Dans un débat avec Tariq Ramadan, Morin s’était demandé pourquoi deux religions, l’Islam et le Christianisme, qui, selon lui, auraient le même Dieu, sont en conflit mutuel. « L’universalisme du message du Christ, c’est la fraternité, c’est la compréhension et la compassion, c’est le dieu miséricordieux capable de pardonner. Où est le mal? Dans la folie de l’absolu et de la vérité, dans la fin de l’espérance ». N’est-ce pas clair? La prétention d’absolu, de vérité, est le motif de l’opposition (exactement le contraire de ce qu’enseignait Benoît XVI); retirez du christianisme l’affirmation que Jésus Christ est le seul Sauveur de l’homme, qu’il y a une seule Église, une seule Révélation, etc. et enfin nous aurons une religion qui s’intégrera dans le monde magnifique des hommes qui se reconnaissent dans l’unique horizon de l Terre-maison commune.

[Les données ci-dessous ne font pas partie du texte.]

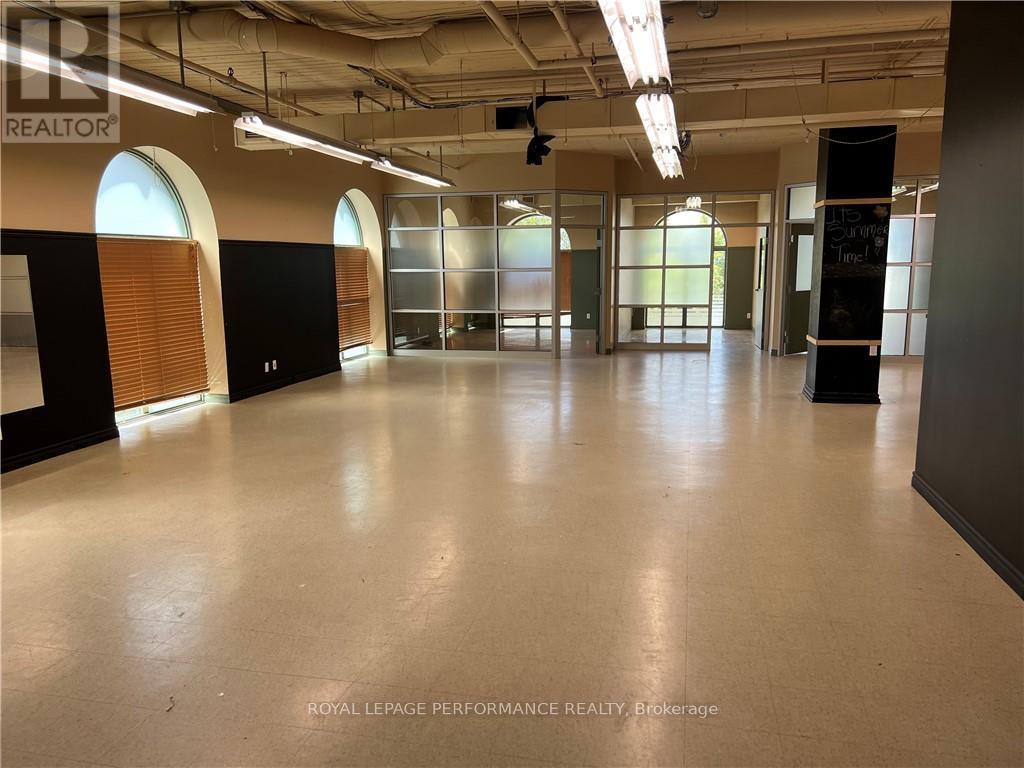 203 - 352 Main Street W, Hawkesbury, Ontario  K6A 1A5 - Photo 3 - X10402480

Il ne faut pas être naïf au point de penser que Morin se limite à vaticiner ou à émettre quelque désir pieux, devant une tasse de thé et des biscuits. Le vieil intellectuel français n’est pas emmené dans le monde entier pour parler de complexité et de métamorphose par simple érudition; cette réalisation d’un monde nouveau, à travers une nouvelle éducation planétaire (c’est à ce thème qu’il a consacré les deux grands ouvrages pédagogiques « Une tête bien faite: réforme de l’enseignement et réforme de la pensée’ et « Les sept connaissances nécessaires à l’éducation du futur »), DOIT se produire et a besoin, à cette fin, d’un gouvernement.

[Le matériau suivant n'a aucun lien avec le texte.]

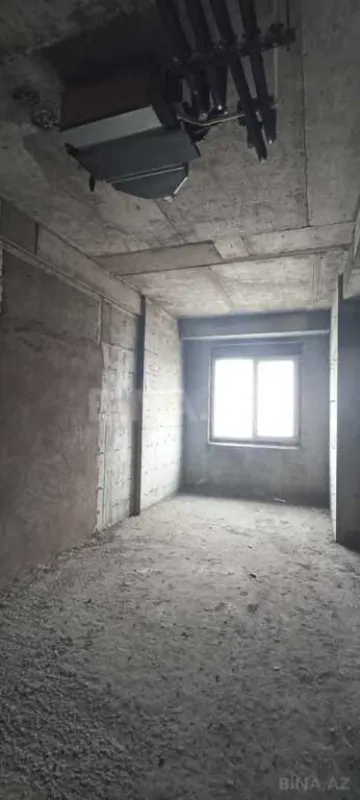 Satılır 4 otaqlı mənzil 185 m²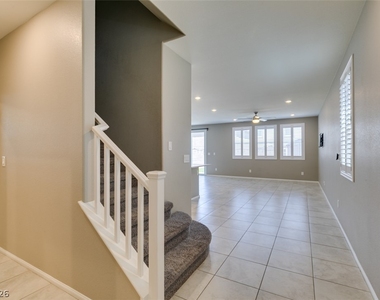 9726 Cluny Avenue - Photo Thumbnail 2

Morin écrivait avec pas mal de toupet en 2002 (« Émergence de la société-monde ») : « Un gouvernement mondial démocratique, aujourd’hui, est hors de portée; toutefois, les sociétés démocratiques se préparent par des moyens non démocratiques, autrement dit par des réformes imposées ».

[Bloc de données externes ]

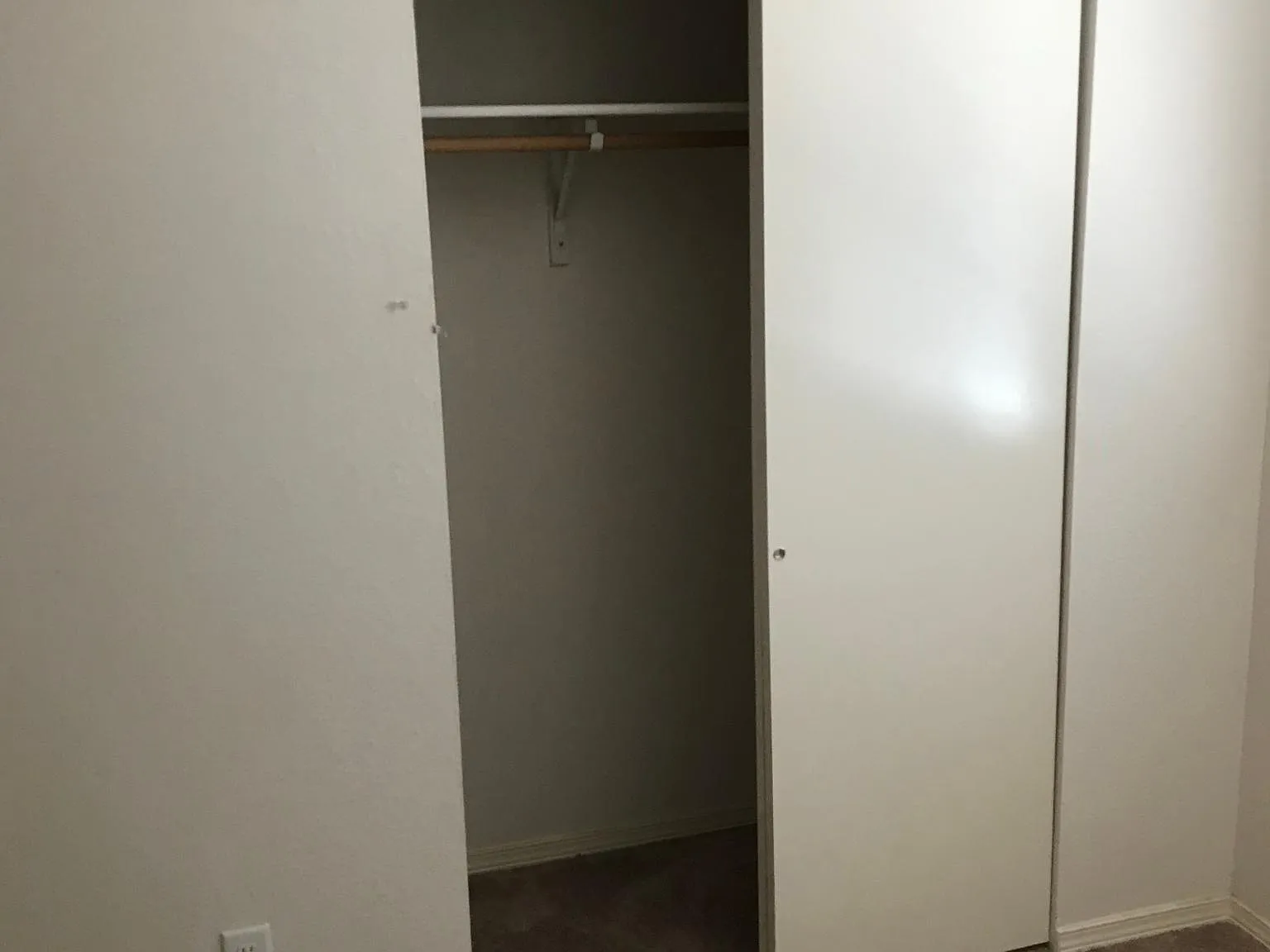 4 bed, 1324 sqft, $1,600 — Photo 3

N’est-ce pas (là aussi) très clair? La difficulté de la création de ce gouvernement mondial est sous les yeux de tous: « L’exemple de l’Europe nous montre la lenteur d’un chemin qui nécessite l’accord de tous les partenaires ». Zut. Mais la solution est vite trouvée : « Il faudrait une augmentation soudaine et terrible des dangers, l’avènement d’une catastrophe pour constituer l’électrochoc nécessaire à la sensibilisation et à la prise de décision. A travers la régression, la dislocation, le chaos, les désastres, la Terre-Patrie pourrait naître d’un civisme planétaire, d’une urgence de la société civile planétaire, d’une amplification des Nations Unies, qui ne remplace pas les patries, mais les englobe« . (dans « Au-delà de l’abîme »).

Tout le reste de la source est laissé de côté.